- Pemberian gelar adat kepada Presiden Joko Widodo oleh tokoh adat Lampung menuai polemik di masyarakat luas.
- Lima tokoh adat pendamping Presiden tersebut meliputi Bustami Zainudin, Relly Reagen, Mawardi Rahman, Andi Achmad, dan Abdurachman Sarbini.
- Tiga dari lima tokoh pendamping Presiden merupakan mantan kepala daerah di Lampung yang pernah terseret kasus korupsi.
SuaraLampung.id - Pemberian gelar adat Baginda Pemuka Bangsa kepada Presiden Republik Indonesia ke-7, Joko Widodo (Jokowi) oleh sejumlah tokoh adat Lampung mengundang polemik.
Selain pose menginjak kepala kerbau, yang juga menjadi pembicaraan adalah sosok para tokoh adat yang mendampingi Jokowi saat pemberian gelar adat tersebut.
Diketahui ada 5 tokoh adat yang mendampingi Jokowi di prosesi tersebut. Mereka ialah Sultan Mangku Prajatama II (Bustami Zainudin); Sultan Yang Agung (Relly Reagen); Sultan Seghayo Dipuncak Nur (Mawardi Rahman Harirama); Kanjeng Pengiran Jaya Raja Asli Sepulau Raya (Andi Achmad), dan Sultan Sampurna Jaya (Abdurachman Sarbini Natamenggala).
Dari 5 orang itu, tiga di antaranya adalah mantan kepala daerah di Lampung. Bustami Zainudin pernah menjadi Bupati Way Kanan untuk masa jabatan 2010–2015, Andi Achmad merupakan Bupati Lampung Tengah dua periode dari tahun 2000-1010. Lalu ada Abdurachman Sarbini alias Mance Bupati Tulang Bawang dua periode 2002 hingga 2012.

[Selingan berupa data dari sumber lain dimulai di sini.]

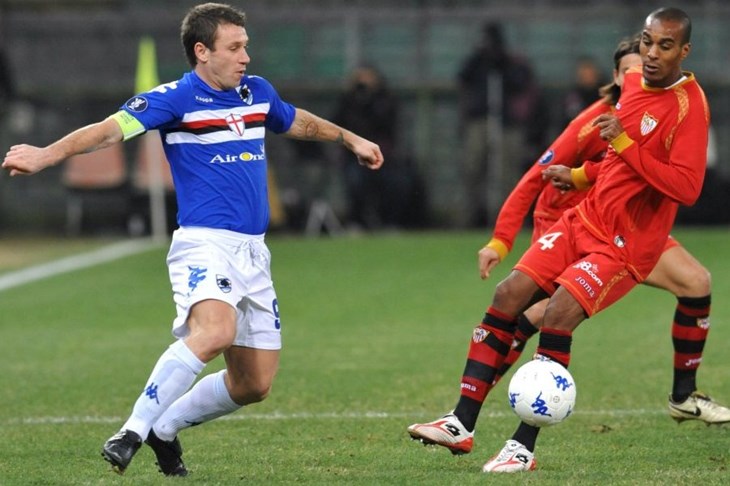 Sevilla ostala praznih ruku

Baca Juga:Menjual Pesona Masa Lalu: Misi Besar Bandar Lampung Ubah Bangunan Bersejarah Jadi Magnet Rupiah
Rekam jejak ketiganya saat menjabat sebagai orang nomor 1 di kabupaten menjadi sorotan. Sebab mereka pernah terseret dalam pusaran kasus korupsi.
1. Bustami Zainudin
Baru-baru ini Bustami Zainudin harus berhadapan dengan aparat penegak hukum. Anggota DPD RI ini diperiksa sebagai saksi kasus dugaan mafia tanah di kawasan hutan Register 44, Kabupaten Way Kanan.

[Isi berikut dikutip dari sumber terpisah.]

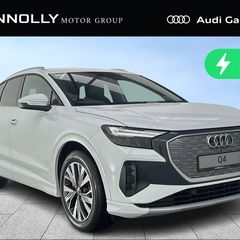 Audi Q4 E-tron 2026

Pemeriksaan berlangsung selama kurang lebih 12 jam di gedung Pidsus Kejaksaan Tinggi (Kejati) Lampung pada 22 Januari 2026 lalu.
"Dia dimintai klarifikasi terkait dugaan mafia tanah di hutan register," ujar Aspidsus Kejati Lampung, Armen Wijaya kala itu.
Baca Juga:Bukan Sekadar Bangunan Tua, Rumah Daswati Diusulkan Jadi Cagar Budaya: Begini Nasibnya Sekarang
Penyidik Kejati Lampung sedang mendalami dugaan penguasaan lahan di kawasan hutan yang diduga di alih fungsikan menjadi lahan perkebunan yang kini dikelola sebuah pabrik gula sejak tahun 2007.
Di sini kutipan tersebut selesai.